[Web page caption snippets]
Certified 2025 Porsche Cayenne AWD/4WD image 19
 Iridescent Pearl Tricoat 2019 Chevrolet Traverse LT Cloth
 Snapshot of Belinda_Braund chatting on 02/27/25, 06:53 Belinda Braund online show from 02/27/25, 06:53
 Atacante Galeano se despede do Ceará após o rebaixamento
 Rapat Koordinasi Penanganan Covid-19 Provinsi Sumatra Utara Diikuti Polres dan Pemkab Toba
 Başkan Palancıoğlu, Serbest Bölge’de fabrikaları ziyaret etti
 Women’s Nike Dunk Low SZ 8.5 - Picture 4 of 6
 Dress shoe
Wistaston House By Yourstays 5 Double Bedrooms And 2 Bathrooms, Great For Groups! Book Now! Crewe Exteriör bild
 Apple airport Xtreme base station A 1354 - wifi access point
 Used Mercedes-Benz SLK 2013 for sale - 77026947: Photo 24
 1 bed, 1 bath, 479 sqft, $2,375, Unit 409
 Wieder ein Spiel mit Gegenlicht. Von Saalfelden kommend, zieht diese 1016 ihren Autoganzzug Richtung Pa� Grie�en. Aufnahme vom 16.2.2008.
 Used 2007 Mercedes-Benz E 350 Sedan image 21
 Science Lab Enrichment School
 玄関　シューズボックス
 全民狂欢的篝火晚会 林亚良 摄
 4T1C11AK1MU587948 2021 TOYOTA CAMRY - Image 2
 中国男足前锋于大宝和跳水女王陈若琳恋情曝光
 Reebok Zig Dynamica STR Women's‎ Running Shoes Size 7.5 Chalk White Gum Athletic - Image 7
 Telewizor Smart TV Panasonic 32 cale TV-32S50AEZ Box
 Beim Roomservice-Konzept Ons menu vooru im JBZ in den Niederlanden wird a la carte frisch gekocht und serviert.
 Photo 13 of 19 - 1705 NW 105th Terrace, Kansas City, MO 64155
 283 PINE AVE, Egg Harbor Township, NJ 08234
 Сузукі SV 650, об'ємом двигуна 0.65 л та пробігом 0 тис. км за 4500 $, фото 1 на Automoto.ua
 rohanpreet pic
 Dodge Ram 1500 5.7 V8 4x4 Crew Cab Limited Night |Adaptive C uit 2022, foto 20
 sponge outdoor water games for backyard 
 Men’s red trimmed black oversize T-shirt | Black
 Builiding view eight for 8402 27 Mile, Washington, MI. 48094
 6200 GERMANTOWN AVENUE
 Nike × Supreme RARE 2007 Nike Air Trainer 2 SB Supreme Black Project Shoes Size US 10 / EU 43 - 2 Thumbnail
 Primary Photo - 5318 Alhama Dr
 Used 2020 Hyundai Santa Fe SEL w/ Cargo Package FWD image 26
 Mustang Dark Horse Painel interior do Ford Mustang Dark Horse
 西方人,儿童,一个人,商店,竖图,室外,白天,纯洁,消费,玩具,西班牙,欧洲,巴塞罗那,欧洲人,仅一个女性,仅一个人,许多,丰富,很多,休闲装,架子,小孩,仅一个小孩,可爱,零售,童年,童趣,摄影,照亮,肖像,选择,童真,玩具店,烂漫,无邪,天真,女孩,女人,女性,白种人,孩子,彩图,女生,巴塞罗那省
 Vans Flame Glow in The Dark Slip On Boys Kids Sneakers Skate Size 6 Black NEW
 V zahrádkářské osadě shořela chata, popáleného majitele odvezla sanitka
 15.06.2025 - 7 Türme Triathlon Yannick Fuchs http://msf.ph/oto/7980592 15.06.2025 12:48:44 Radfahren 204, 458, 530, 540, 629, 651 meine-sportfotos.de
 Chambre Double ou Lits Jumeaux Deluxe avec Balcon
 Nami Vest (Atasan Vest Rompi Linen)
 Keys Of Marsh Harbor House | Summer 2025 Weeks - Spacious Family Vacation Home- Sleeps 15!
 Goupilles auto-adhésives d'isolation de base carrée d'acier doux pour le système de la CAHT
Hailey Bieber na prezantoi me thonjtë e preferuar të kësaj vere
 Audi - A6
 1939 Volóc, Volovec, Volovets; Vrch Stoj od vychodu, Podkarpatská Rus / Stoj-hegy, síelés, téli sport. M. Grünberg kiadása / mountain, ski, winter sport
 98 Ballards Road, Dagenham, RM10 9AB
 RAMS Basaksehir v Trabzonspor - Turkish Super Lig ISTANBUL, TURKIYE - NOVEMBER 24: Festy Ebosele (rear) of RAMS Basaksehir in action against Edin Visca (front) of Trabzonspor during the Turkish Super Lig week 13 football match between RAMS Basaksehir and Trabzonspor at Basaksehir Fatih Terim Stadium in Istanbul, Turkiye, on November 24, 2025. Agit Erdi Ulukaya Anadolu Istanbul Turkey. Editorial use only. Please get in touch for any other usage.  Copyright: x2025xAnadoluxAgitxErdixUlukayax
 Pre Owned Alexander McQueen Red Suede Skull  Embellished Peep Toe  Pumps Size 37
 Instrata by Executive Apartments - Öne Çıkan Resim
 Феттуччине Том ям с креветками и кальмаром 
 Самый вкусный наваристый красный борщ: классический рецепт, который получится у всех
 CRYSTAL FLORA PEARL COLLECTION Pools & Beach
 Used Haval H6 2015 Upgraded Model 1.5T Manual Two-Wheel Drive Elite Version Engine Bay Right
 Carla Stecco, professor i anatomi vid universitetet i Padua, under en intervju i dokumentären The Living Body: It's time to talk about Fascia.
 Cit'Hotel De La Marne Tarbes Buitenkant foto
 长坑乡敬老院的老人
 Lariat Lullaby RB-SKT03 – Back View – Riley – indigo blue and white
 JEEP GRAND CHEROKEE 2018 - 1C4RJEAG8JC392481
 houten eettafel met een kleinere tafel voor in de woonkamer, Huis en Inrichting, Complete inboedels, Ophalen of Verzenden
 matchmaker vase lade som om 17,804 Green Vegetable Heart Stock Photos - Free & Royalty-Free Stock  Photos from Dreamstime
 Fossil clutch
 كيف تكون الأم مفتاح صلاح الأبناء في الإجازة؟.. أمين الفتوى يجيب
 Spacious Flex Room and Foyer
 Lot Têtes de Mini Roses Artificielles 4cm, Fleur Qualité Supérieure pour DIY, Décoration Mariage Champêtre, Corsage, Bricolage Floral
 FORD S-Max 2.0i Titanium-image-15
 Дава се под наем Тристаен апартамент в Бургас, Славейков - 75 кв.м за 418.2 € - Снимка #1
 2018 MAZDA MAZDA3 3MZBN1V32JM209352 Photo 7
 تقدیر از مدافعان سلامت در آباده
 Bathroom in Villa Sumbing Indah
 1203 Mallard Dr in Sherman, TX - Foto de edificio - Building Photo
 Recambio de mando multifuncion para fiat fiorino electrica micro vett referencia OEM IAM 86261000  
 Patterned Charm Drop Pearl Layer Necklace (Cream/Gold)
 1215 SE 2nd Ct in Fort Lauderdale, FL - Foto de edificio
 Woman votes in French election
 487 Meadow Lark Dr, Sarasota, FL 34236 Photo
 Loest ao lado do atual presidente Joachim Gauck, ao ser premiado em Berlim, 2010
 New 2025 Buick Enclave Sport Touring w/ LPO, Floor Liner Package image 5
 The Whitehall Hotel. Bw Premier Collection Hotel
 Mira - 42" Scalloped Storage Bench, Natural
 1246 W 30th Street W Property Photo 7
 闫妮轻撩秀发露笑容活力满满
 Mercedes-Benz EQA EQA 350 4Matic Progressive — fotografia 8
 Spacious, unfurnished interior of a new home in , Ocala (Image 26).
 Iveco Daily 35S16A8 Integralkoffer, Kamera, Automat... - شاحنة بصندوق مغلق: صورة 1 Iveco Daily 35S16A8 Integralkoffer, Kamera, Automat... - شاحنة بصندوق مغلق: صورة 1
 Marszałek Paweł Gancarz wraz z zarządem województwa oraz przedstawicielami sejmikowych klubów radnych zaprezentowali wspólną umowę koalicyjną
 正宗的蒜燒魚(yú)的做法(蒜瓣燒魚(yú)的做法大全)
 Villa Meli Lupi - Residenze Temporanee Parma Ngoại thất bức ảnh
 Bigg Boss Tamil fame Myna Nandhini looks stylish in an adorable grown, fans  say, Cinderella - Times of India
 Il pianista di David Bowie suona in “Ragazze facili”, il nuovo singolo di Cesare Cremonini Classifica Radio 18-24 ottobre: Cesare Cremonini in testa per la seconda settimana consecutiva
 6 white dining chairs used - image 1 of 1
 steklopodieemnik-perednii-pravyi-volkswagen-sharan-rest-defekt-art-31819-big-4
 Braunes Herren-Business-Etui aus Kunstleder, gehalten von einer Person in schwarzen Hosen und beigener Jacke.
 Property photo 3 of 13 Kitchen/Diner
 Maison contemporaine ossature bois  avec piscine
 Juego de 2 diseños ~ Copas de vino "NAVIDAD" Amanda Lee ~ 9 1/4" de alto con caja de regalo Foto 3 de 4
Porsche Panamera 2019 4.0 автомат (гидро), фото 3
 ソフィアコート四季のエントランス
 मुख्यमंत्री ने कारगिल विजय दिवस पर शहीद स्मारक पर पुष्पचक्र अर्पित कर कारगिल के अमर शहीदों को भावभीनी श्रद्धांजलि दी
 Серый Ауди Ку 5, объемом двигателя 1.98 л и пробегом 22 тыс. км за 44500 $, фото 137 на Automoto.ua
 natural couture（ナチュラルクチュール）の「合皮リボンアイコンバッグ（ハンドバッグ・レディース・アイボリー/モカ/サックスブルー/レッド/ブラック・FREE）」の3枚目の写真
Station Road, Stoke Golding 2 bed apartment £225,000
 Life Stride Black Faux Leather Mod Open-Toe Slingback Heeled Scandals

# What this task involves:
Scan the entries for the word "from". Report each line that has it.

# Answer to the problem:
 Snapshot of Belinda_Braund chatting on 02/27/25, 06:53 Belinda Braund online show from 02/27/25, 06:53
 matchmaker vase lade som om 17,804 Green Vegetable Heart Stock Photos - Free & Royalty-Free Stock  Photos from Dreamstime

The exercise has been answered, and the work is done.